(Records provided Opens)

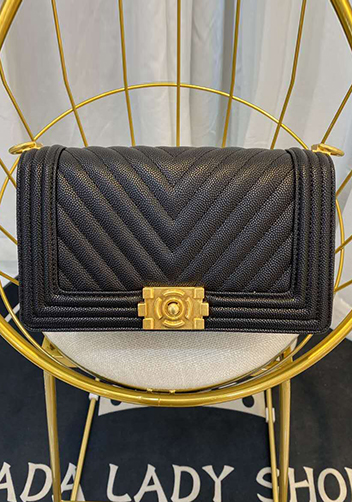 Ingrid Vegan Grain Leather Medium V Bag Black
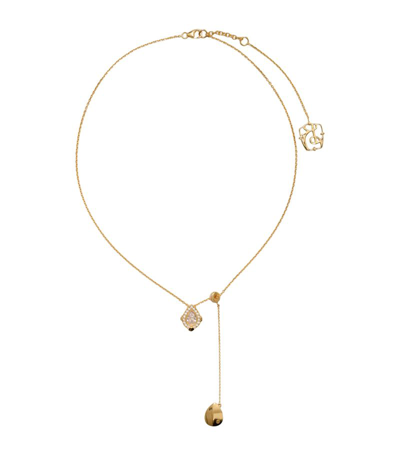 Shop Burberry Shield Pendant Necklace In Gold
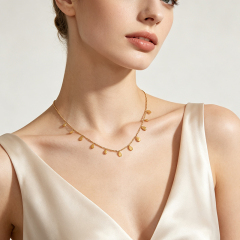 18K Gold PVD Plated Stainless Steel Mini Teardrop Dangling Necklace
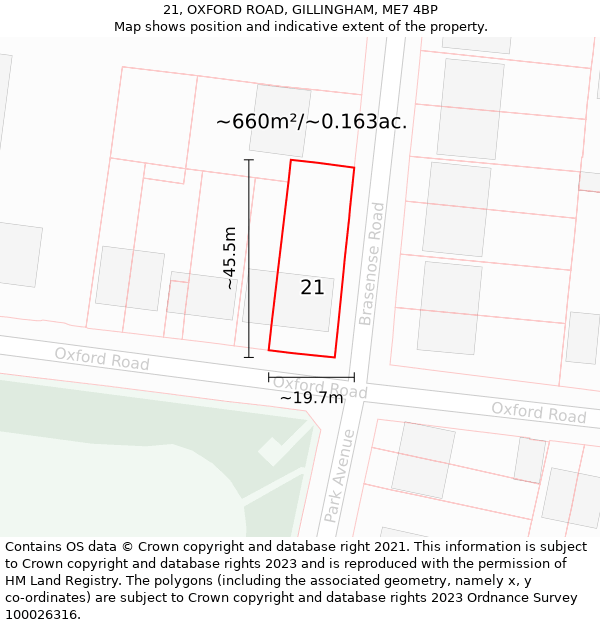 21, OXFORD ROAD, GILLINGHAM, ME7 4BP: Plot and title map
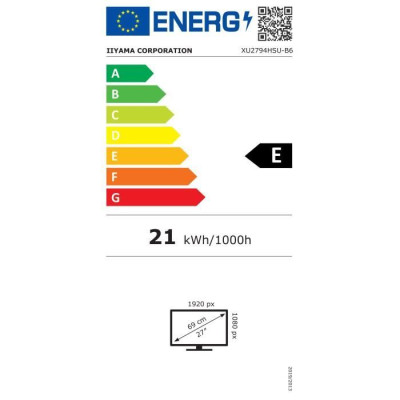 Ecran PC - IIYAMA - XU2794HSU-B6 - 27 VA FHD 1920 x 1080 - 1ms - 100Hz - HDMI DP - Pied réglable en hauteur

(Records provided Closes)

_Your objective_
Where the data includes pictures, leave them out and write out everything else exactly.

_Response area_
 Ingrid Vegan Grain Leather Medium V Bag Black
 Shop Burberry Shield Pendant Necklace In Gold
 18K Gold PVD Plated Stainless Steel Mini Teardrop Dangling Necklace
 21, OXFORD ROAD, GILLINGHAM, ME7 4BP: Plot and title map
 Ecran PC - IIYAMA - XU2794HSU-B6 - 27 VA FHD 1920 x 1080 - 1ms - 100Hz - HDMI DP - Pied réglable en hauteur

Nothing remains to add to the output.